Free credit card monitoring to prevent identity theft
In response to the attack the company is contacting its customers whose data has been compromised with information on how to change their passwords. It’s also notifying customer’s whose card payment details were taken. And in a muted but significant gesture, the company is offering customers one year of free credit monitoring.
Essentially, this is an acknowledgement that some of the stolen credit card information might end up being used or put up for sale on the deep web. The deep web is a part of the internet you can’t access using a normal browser. It offers anonymity and is used for all sorts of things such as NGO organisations operating in ‘hostile’ environments who don’t want their communications tracked.
However, it’s also popular with hackers and there are certainly many deep web sites that offer credit card details for sale. Many vie with each for competition and attempt to entice users by promising ‘fresh’ batches of card information. This usually means personal details that have just been hacked from servers.

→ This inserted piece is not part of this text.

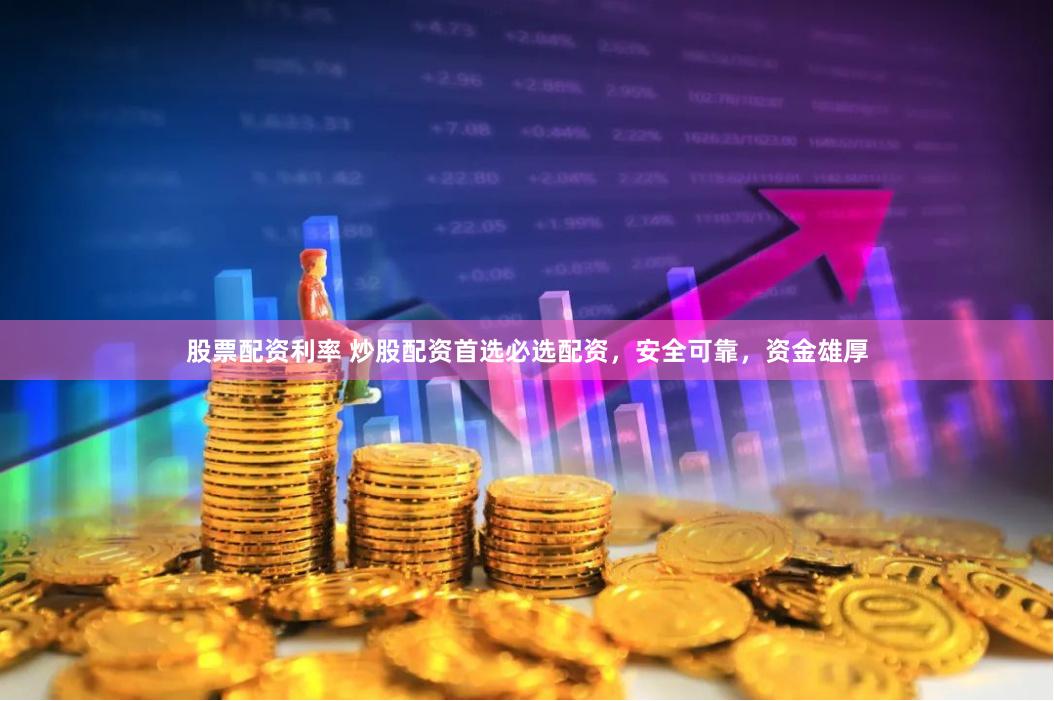 股票配资利率 炒股配资首选必选配资，安全可靠，资金雄厚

Sometimes the server owner’s don’t even know it’s happened.
As is often the case when these large scale hackings occur Adobe didn’t want to publicise the fact. The hack was discovered by a security researcher who was exploring the content of a server that is believed to have been used by cyber criminals to store data from other hacks. Adobe data was then discovered.
Can hackers embed malicious code into Adobe software?
When Adobe was informed it said it was aware of the breach and had been investigating it since September 17th this year. As well as losing personal data, there is another potentially very damaging consequence.
The Adobe data discovered on the server was source code for which is essentially the building blocks for software. And apparently some of the source code was for products that have not yet been released.
Commenting on this, one industry observer pointed out that because Adobe is used on millions of computers around the world hackers could potentially embed malicious code into Adobe software and quietly take control of all the computers running that software, which could easily number in the millions.
While this is speculative it’s certainly possible. It also illustrates the scale of fraud that can be carried out by cyber criminals. The internet has radically altered the way we live today presenting all sorts of new opportunities, but it’s also opened up a world of potential for criminals to carry out villainy on an industrial scale.
It also illustrates the need to protect your information with something like BullGuard Identity Protection which essentially monitors the web for your personal information and immediately warns you if your data has been compromised.
You may not be a user of Adobe software but hackers target organisations where they can get the best returns whether it’s a clothes retailer, an online book store or a software vendor.
50% off sale on the deep web
There’s one web site on the deep web that currently offers 50% off products that are being sold on Amazon, whether it’s an Apple Air Book, a smartphone or some high-end camera. How do they do this? Most likely by making the purchases using credit card details hacked from a server or bought on the deep web.